United States District Court, S.D. California
MICHAEL PEMBERTON and SANDRA COLLINS PEMBERTON, individually and on behalf of others similarly situated, Plaintiffs,
v.
NATIONSTAR MORTGAGE, LLC, a Federal Savings Bank, Defendant.
ORDER GRANTING FINAL APPROVAL OF CLASS ACTION
SETTLEMENT ECF NO. 132
Cynthia Bashant United District Judge
Plaintiffs
obtained an adjustable rate mortgage (“ARM”) loan
that permitted them to defer payment of accrued interest. The
loan provided that unpaid accrued interest would be added
back to their unpaid principal balance. How that unpaid
accrued interest added back to the principal balance
(“negative amortization”) should be treated for
purposes of IRS deductions is the subject of this lawsuit.
Plaintiffs
argue that, even though the accrued interest is added back to
principal, the negative amortization is still interest that
should have been reported on IRS Form 1098. Nationstar claims
it failed to report negative amortization only when it took
over certain loans from other companies that did not include
this negative amortization in the data it transferred to
Nationstar.
The
Court previously rejected Plaintiffs' theory, in part, by
finding that the statute at issue, 26 U.S.C. § 6050H, is
ambiguous as to “how, whether and when” such
interest must be reported on Forms 1098. (See Order
Denying Pls.' Mot. to Supp. the Second Am. Compl. at 16,
ECF No. 114.) Furthermore, as a direct result of this
lawsuit, Nationstar began investigating and ultimately
reporting in 2016 the negative amortization on the loans it
received via transfer. However, Nationstar has conceded that
its process for identifying loans that might have paid
deferred interest is not foolproof. This settlement ensued.
I.
PROPOSED SETTLEMENT
The
proposed settlement agreement (Ex. 1
(“Settlement” or “Settlement
Agreement”) to Joint Mot. to Certify Class and
Preliminary Approval of Settlement (“Preliminary
Motion”), ECF No. 130-2) applies to class members
(“Class” or “Class Members”) defined
as “all persons who, according to Nationstar's
reasonably available computerized computer records, had or
have Option ARM loans serviced by Nationstar and made
payments to Nationstar in any tax year from 2010-2018.”

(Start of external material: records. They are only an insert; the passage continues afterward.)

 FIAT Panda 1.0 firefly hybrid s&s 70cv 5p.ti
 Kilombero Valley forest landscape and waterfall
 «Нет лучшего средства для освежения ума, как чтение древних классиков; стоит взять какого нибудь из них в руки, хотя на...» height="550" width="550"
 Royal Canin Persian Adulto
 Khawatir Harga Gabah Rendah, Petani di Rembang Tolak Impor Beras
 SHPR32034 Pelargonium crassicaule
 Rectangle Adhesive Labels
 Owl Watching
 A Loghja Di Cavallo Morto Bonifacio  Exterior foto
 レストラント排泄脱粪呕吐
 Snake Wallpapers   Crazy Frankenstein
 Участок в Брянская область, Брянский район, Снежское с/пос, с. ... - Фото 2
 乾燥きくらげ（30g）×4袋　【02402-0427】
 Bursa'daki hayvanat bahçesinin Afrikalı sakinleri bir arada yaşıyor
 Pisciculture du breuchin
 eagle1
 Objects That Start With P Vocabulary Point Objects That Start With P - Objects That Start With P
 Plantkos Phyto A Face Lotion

(Preliminary Mot. at 14, ECF No. 130.)
The
Court provisionally certified the above class and appointed
the law offices of David J. Vendler and Michael R. Brown,
APC, as Class Counsel. (Order Preliminarily Approving Class
Action Settlement and Conditionally Approving Proposed
Settlement Class (“Preliminary Order”), ECF No.
131.) The Court further appointed Michael Pemberton and
Sandra Collins Pemberton as Class Representatives.
(Id.)
“Class
Members may submit Claim Forms with documentation sufficient
to establish that the Class Member paid more in taxes than
was owed, for one or more tax years between 2010 and
2018.” (Settlement Agreement § 2.01(a).)
“Nationstar will conduct an investigation of each claim
submitted to verify from its records whether or not Class
Members' Form 1098 included deferred interest.”
(Id. § 2.01(b).) For tax years 2016, 2017 and
2018, if Nationstar determines the amount reported on Form
1098 does not include deferred interest “and
documentation provided by the Class Member establishes that
the Class Member paid more in taxes than was owed based on
the failure to include deferred interest in the Form 1098,
Nationstar will issue an amended IRS Form 1098”
including the negative amortization not previously reported
to the IRS. (Id. § 2.02.) For tax years 2010
through 2015, where Nationstar determines that the amount
reported on Form 1098 did not include deferred interest
“and the documentation provided by the Class Member
establishes that the Class Member paid more in taxes than was
owed based on the failure to include deferred interest in the
Form 1098, Nationstar will issue the Class Member a payment
of $50.” (Id. § 2.04.)
Independent
of the Class compensation, Class Counsel will seek
attorneys' fees not to exceed $700, 000, which Nationstar
will not Oppose. (Id. § 4.02.) Additionally,
the Class Representatives will seek an incentive award of
$10, 000 each, which Nationstar agrees not to oppose.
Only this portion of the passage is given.